Crawled caption data
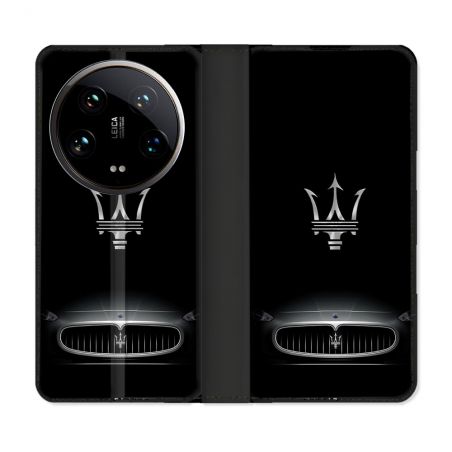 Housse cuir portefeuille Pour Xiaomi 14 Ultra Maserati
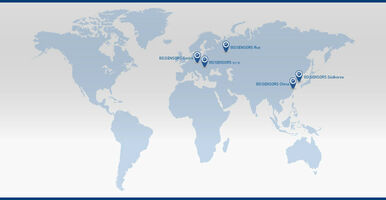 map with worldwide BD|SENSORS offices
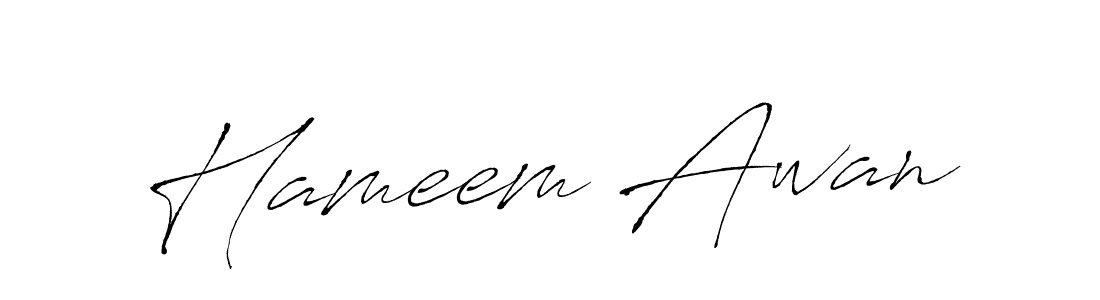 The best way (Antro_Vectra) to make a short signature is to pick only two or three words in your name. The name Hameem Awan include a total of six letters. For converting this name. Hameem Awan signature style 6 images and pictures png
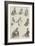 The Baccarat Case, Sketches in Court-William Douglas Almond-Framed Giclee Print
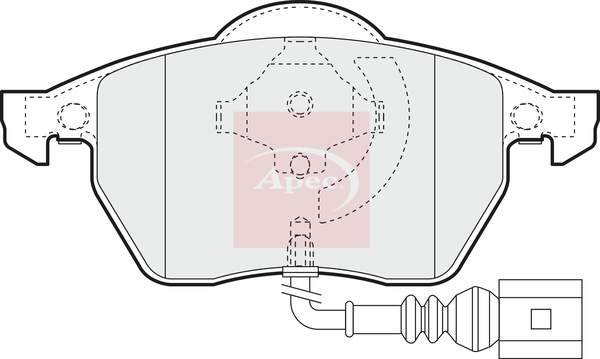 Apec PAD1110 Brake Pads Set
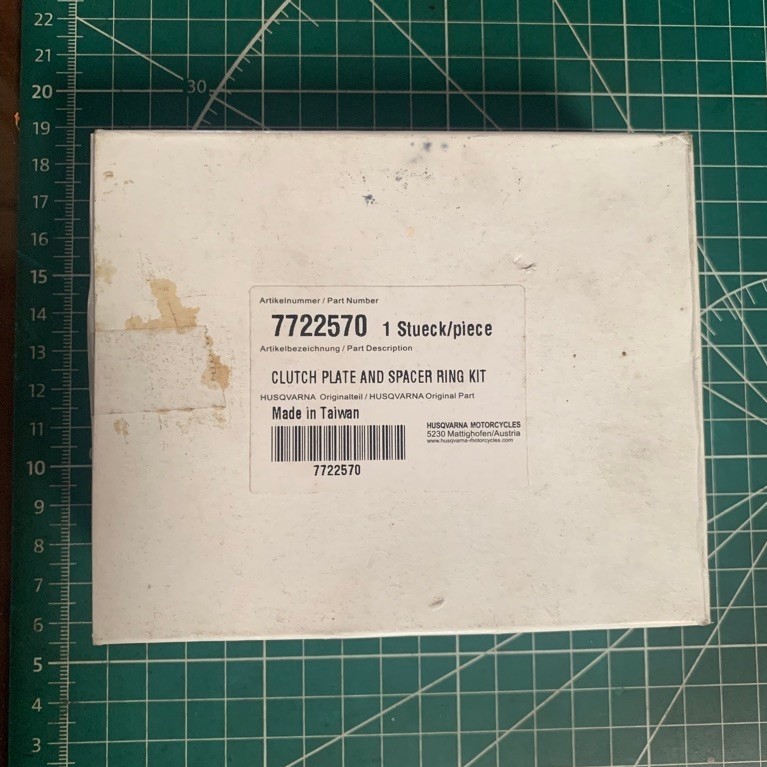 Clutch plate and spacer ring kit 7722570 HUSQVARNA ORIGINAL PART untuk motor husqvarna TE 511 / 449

==

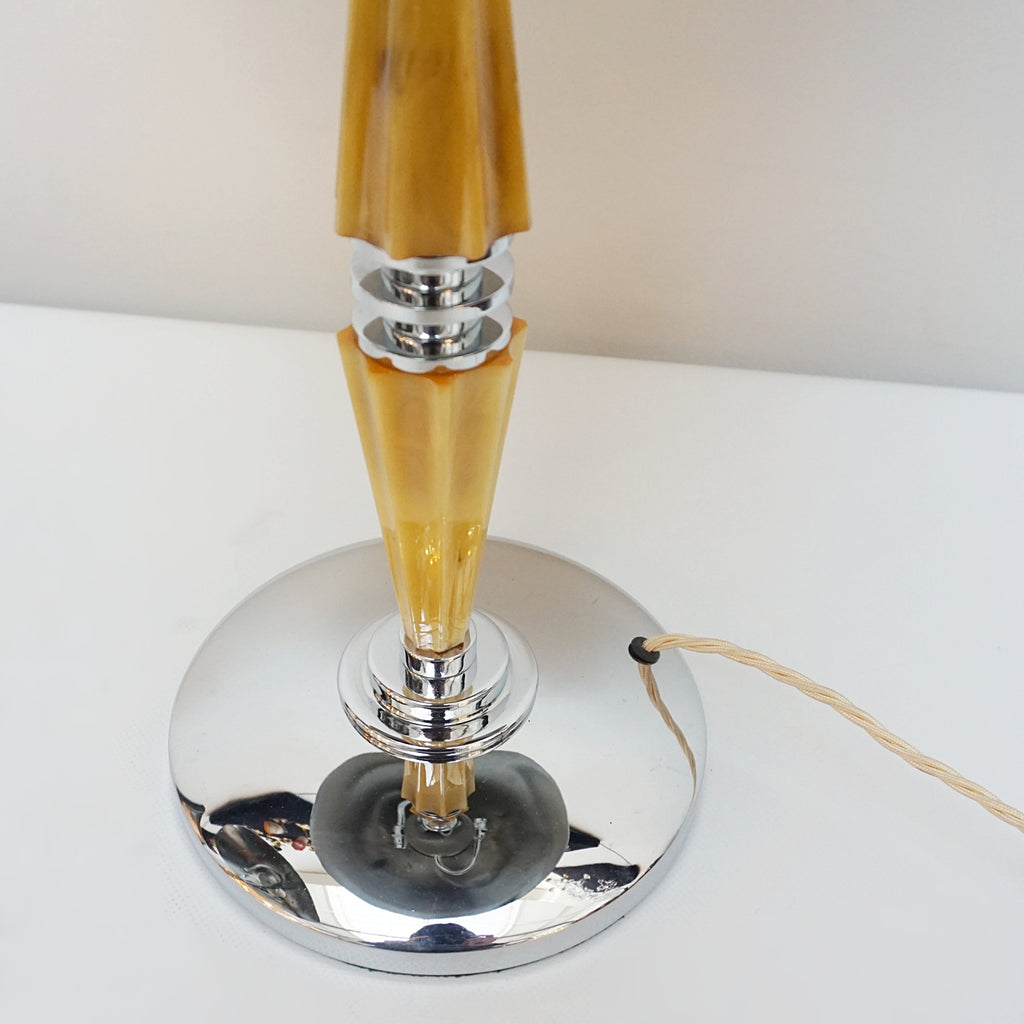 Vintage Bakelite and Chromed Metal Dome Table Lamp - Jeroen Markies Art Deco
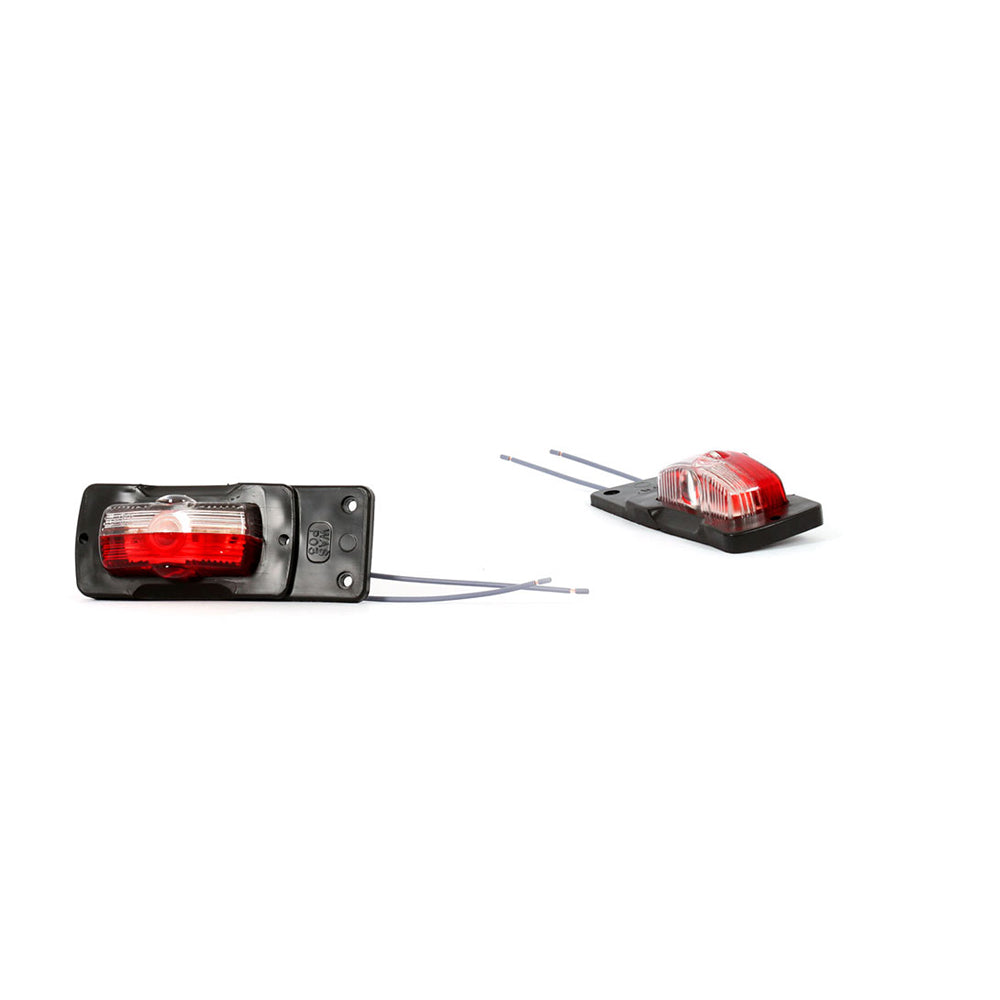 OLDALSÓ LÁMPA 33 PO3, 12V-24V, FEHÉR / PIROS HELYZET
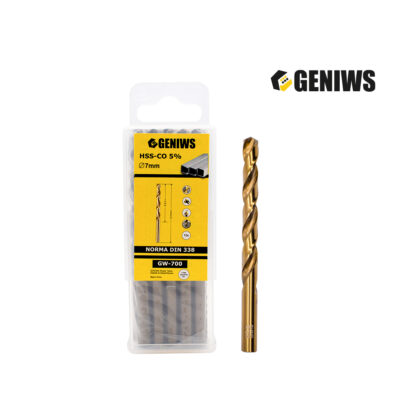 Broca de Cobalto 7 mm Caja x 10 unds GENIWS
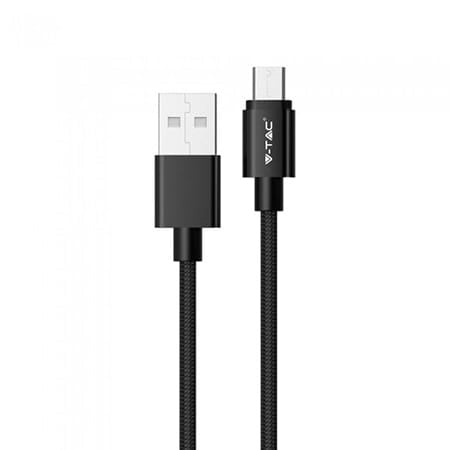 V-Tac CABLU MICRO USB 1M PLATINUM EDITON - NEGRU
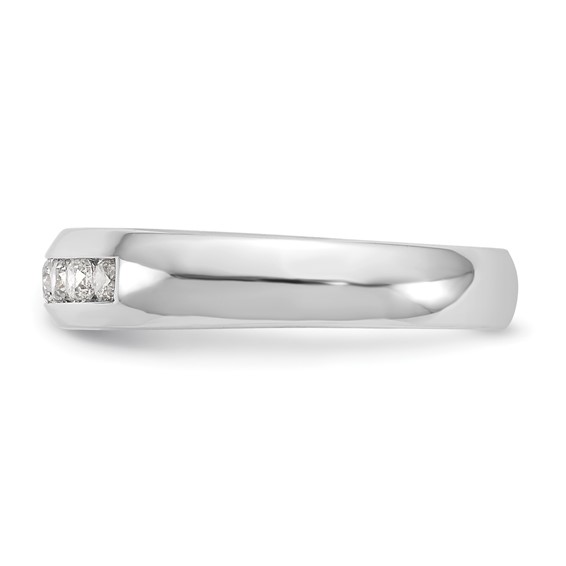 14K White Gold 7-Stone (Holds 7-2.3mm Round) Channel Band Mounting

---

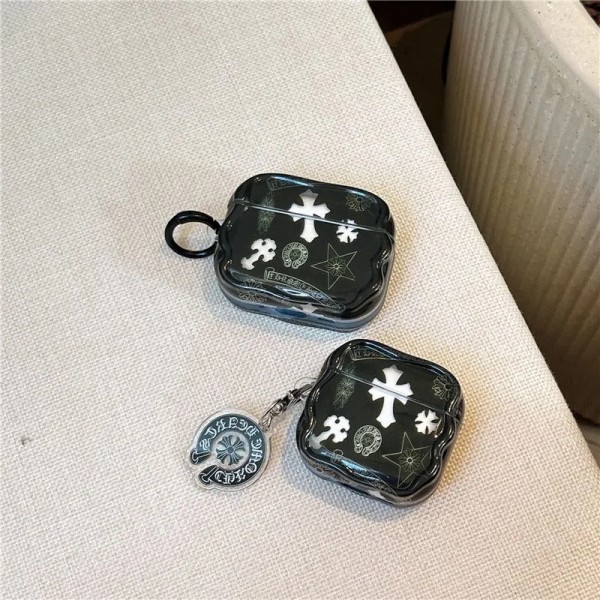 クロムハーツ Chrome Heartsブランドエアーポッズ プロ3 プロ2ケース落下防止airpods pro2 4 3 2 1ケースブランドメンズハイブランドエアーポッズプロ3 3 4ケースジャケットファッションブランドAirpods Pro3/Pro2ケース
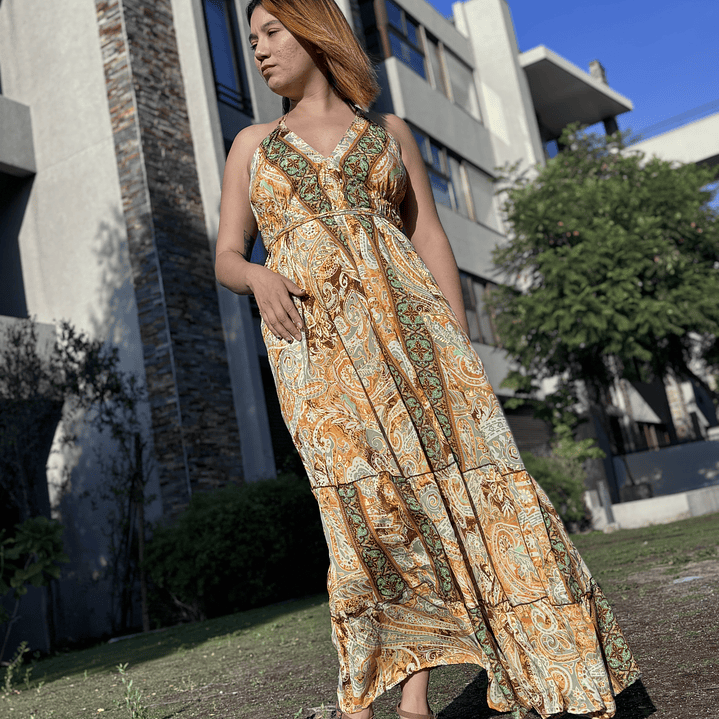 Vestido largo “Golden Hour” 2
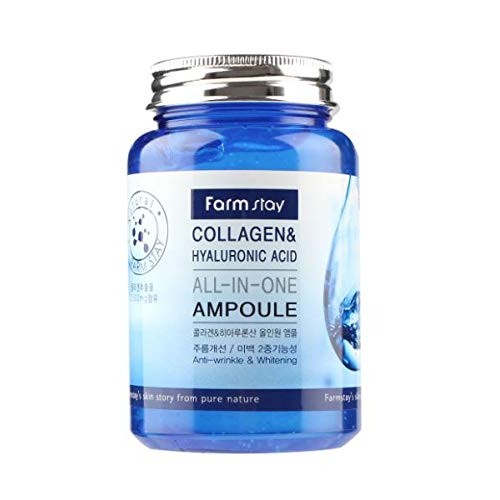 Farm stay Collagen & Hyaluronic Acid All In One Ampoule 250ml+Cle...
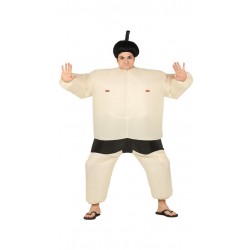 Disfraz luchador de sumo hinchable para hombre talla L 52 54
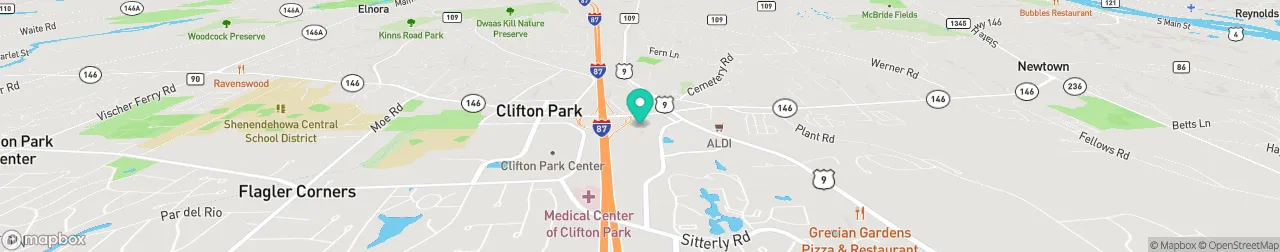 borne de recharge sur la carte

• **ACTION ITEM**
Would you give again, exactly, the lines in the data above that run from the line containing "map with worldwide BD|SENSORS offices" to the line containing "Clutch plate and"? Include both ends and no pictures.

• **REPLY TO THE EXERCISE**
 map with worldwide BD|SENSORS offices
 The best way (Antro_Vectra) to make a short signature is to pick only two or three words in your name. The name Hameem Awan include a total of six letters. For converting this name. Hameem Awan signature style 6 images and pictures png
 The Baccarat Case, Sketches in Court-William Douglas Almond-Framed Giclee Print
 Apec PAD1110 Brake Pads Set
 Clutch plate and spacer ring kit 7722570 HUSQVARNA ORIGINAL PART untuk motor husqvarna TE 511 / 449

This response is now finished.